There are more than 2,750 Claire’s owned and operated and franchise stores open across 17 markets across North America and Europe, along with 260 Icing doors.
Claire’s Drives Sales Through Partners
Claire’s said that it has found success driving weekly sales across both smaller displays at checkout and through a larger brand presence in-aisle, with seasonal boosts through festive products for holidays and celebrations remaining a standout sales strategy.
“Our successful consumer products partnership business has seen significant global growth, and our grocery partners are a key part of helping us harness the power of our brand,” said Ryan Vero, CEO of Claire’s since 2019.

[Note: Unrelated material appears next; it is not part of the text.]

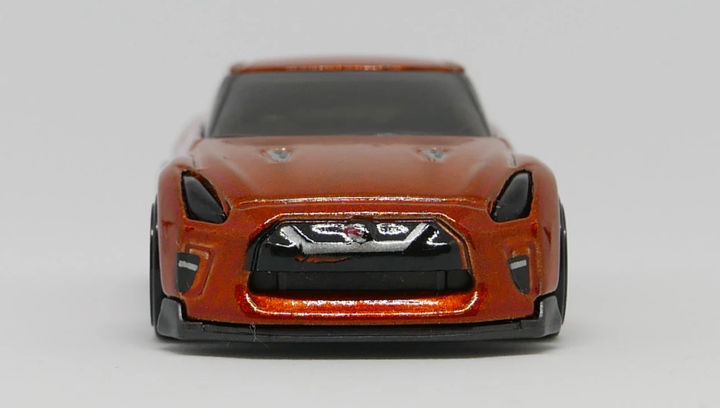 Машинка Базовая Hot Wheels '17 Nissan GT-R (R35
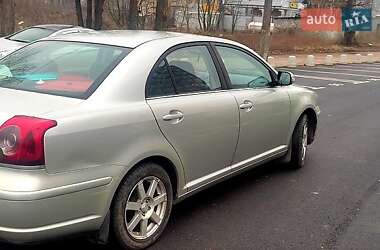 Седан Toyota Avensis 2006 в Киеве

In November last year, Claire’s first announced plans to team up with Macy’s to open shop-in-shop locations in more than 20 Macy’s locations nationwide.
And as it continues its growth plans, in late June of this year Claire’s Holdings appointed Claudia Lima-Guinehut as EVP and CMO, leading the company’s global merchandising, sourcing, and design strategy as well as its significant piercing business.
It is a far cry from when Claire’s previously filed for an IPO in 2013, only to withdraw the offering. The company filed for bankruptcy in 2018 nearly $2 billion in debt after a leveraged buyout in which private equity firm Apollo Management took it private.
Under its Chapter 11 provision the company managed to eliminate much of that debt burden and passed control to lenders including Elliott Capital Management and Monarch Alternative Capital.